Tudo o que trouxe documentado para esta tribuna teve da parte do Líder do Governo, do Deputado também Presidente do PFL, um adjetivo ao qual já estou acostumada a ouvir. E aliás, é reincidência, porque quando levantamos pela primeira vez na tribuna que aquela questão da venda das Letras era uma maracutaia, que ia dar no que deu, nós também, na mesma época, há quase três anos, fomos acusadas com a mesma palavra pelo Sr. Milton Martini, que não tendo argumentos para rebater o que estávamos dizendo, provando, anunciando, prevendo, também dizia a mesma coisa que o Sr. Paulo Bornhausen disse, ou seja, nem criativo é.

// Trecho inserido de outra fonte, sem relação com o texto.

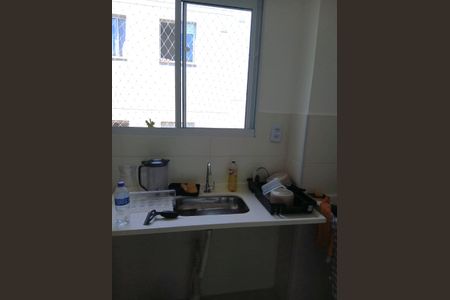 Cozinha de apartamento para alugar com 2 quartos, 40m² em Jardim Piazza Di Roma, Sorocaba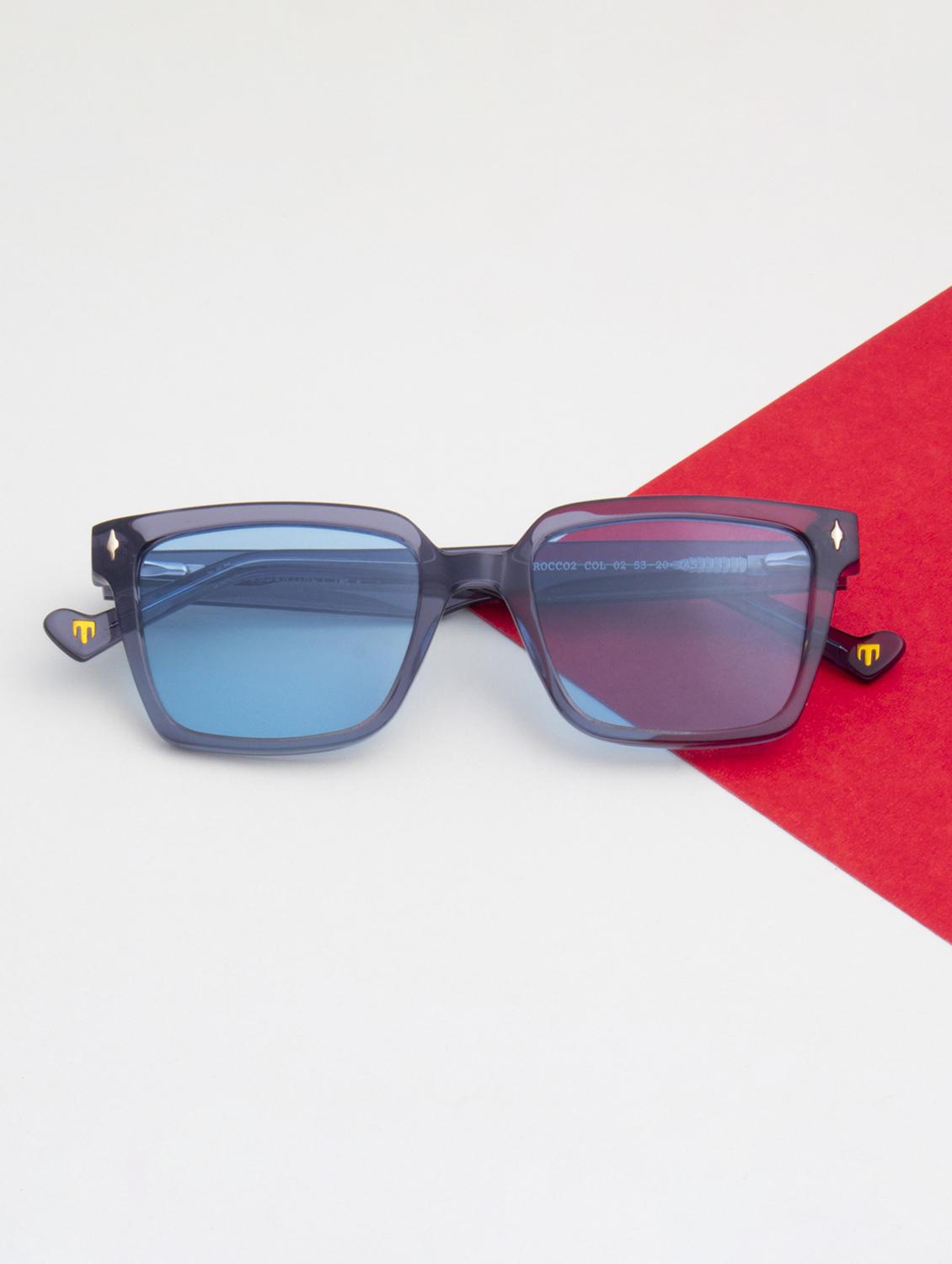 ted smith unisex blue premium italian acetate sunglasses with polarized lenses. - 21766349 - Zoom Image - 0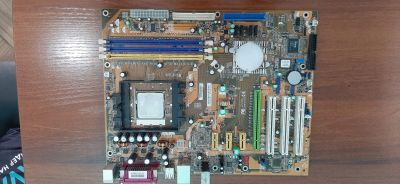 Лот: 20844245. Фото: 1. Мать WinFast NF 4k8ab + ПРОЦ AMD... Материнские платы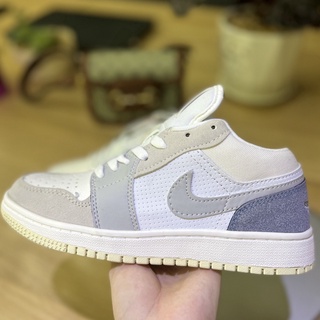 Giày Jordan Xanh Pari Cổ Thấp , Jordan Gót Xanh Thấp Cổ Full Phụ Kiện F11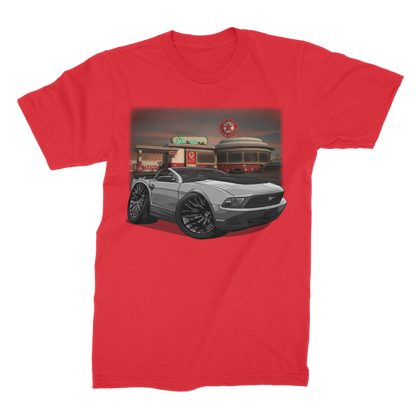 Convertible Mustang Gas Station 2 Premium Jersey Men's T-Shirt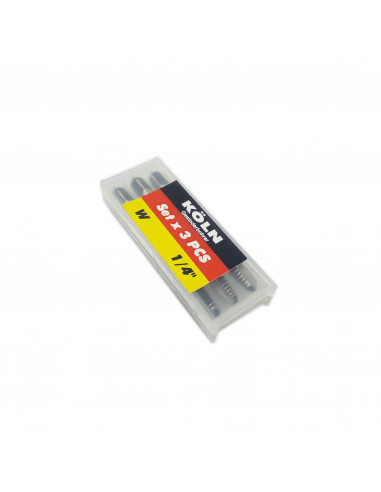 Machos w 1/4 x 20 set x 3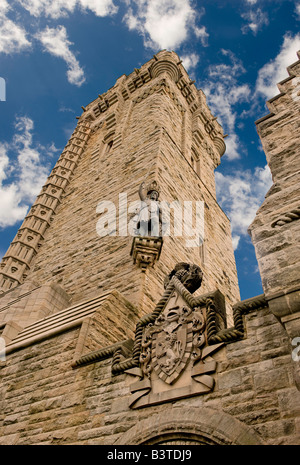 Wallace Memorial Tower Stirling in Schottland. Gebaut, wo William Wallace besiegte die Engländer in der Schlacht von Stirling Bridge Stockfoto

Além de eles estarem reprisando a maracutaia das Letras, num videoteipe de péssima qualidade, também as acusações são de péssima qualidade. O Sr. Paulo Bornhausen, parodiando o Sr. Milton Martini, diz que as acusações são levianas!
Quero dizer que processei o Sr. Milton Martini por estas declarações, porque se fosse um homem que tivesse dito, com certeza não usaria a palavra leviana, porque ao utilizar esta palavra para uma mulher, está implicitamente embutido um aspecto machista de desqualificação da acusação que está sendo feita.
Por isso, quero deixar aqui registrado que ainda não decidi se vou processar o Sr. Paulo Bornhausen. Aliás, quero dizer que talvez nem valha a pena processá-lo, porque ele, como Líder de Governo, já demonstrou, à exaustão, que não tem capacidade de liderar nesta Casa o Governo que ele diz representar. Portanto, estou pensando se vou processá-lo, ainda não decidi! Talvez ele nem mereça, pela sua própria dificuldade em liderar a Bancada governista nesta Casa, tendo colocado, em diversas oportunidades, o Governo em péssima condição e situação aqui nesta Casa.
Por último, quero aqui da tribuna reafirmar que já fizemos as tratativas, já conversamos com o Deputado Carlito Merss, com a assessoria do Senador Eduardo Suplicy. O Governador não vai precisar queimar as Letras em praça pública, basta que um de seus dois Senadores, o Sr. Jorge Bornhausen ou o Sr. Althoff, apresente amanhã, na Comissão de Assuntos Econômicos, uma emenda excluindo Santa Catarina daquela bandalheira.
Se fizer isso, nós poderemos acreditar que não serão utilizados os recursos. Agora, não venha com essa demagogia de dizer que vai queimar em praça pública enquanto o seu Procurador-Geral faz todas as tratativas e ajeita para que Santa Catarina se habilite a receber, se for desbloqueado.
Por isso, gostaria de encerrar, nesta... Até como uma medida ecológica! O ar de Florianópolis não precisa ser contaminado com a fumaça das Letras se o Governador tomar a providência de fazer os seus Senadores apresentarem a emenda, amanhã, na Comissão de Assuntos Econômicos do Senado.
Muito obrigada!
(SEM REVISÃO DA ORADORA)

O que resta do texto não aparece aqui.